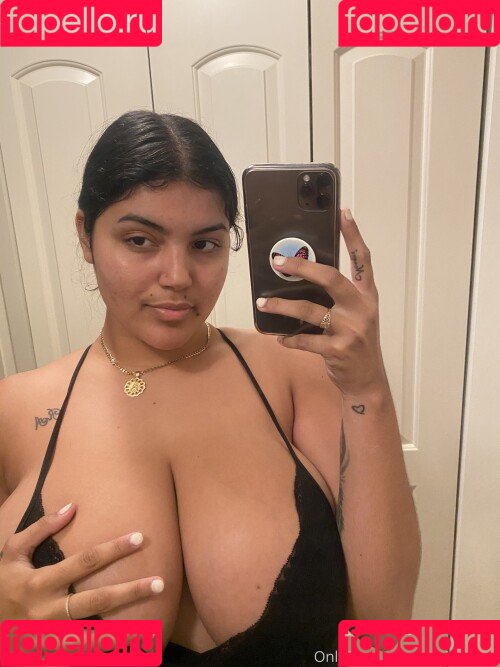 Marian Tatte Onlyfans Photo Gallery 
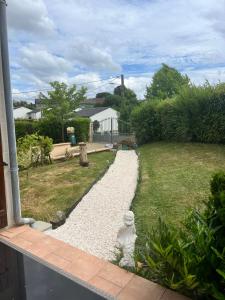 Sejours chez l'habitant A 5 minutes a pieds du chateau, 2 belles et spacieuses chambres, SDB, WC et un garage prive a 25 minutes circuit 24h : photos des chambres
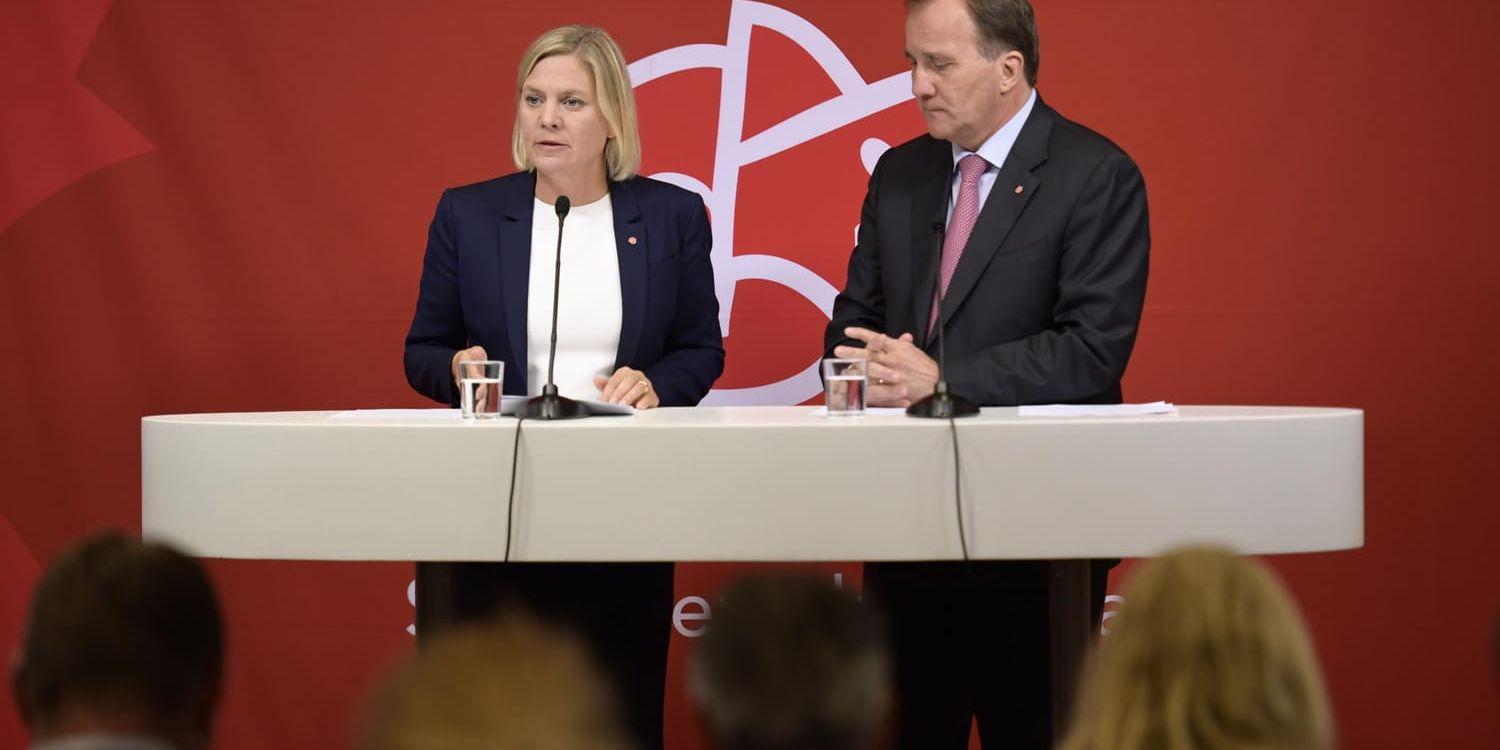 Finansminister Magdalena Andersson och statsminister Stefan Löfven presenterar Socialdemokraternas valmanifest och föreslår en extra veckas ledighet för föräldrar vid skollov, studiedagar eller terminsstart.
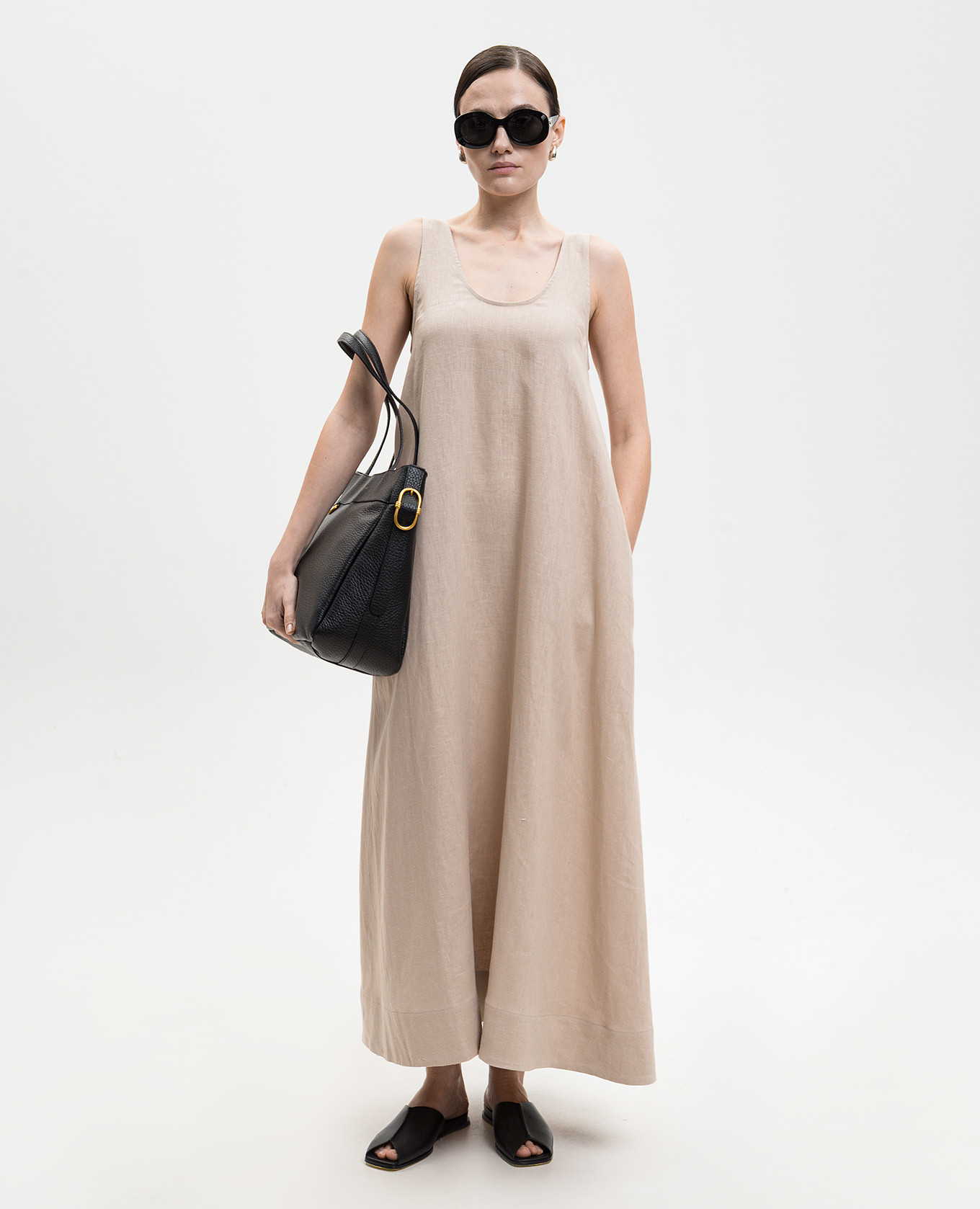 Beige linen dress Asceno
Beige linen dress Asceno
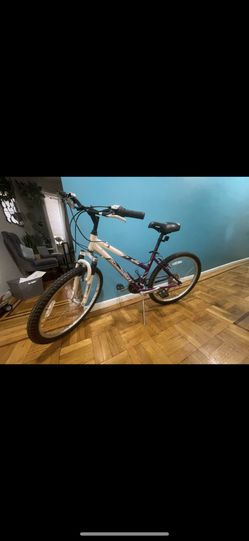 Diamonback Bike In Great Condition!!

#### Exercise requirements:
If a picture appears in the records, omit it and print everything else exactly.

#### Result for this task:
 Marian Tatte Onlyfans Photo Gallery 
 Sejours chez l'habitant A 5 minutes a pieds du chateau, 2 belles et spacieuses chambres, SDB, WC et un garage prive a 25 minutes circuit 24h : photos des chambres
 Finansminister Magdalena Andersson och statsminister Stefan Löfven presenterar Socialdemokraternas valmanifest och föreslår en extra veckas ledighet för föräldrar vid skollov, studiedagar eller terminsstart.
 Beige linen dress Asceno
Beige linen dress Asceno
 Diamonback Bike In Great Condition!!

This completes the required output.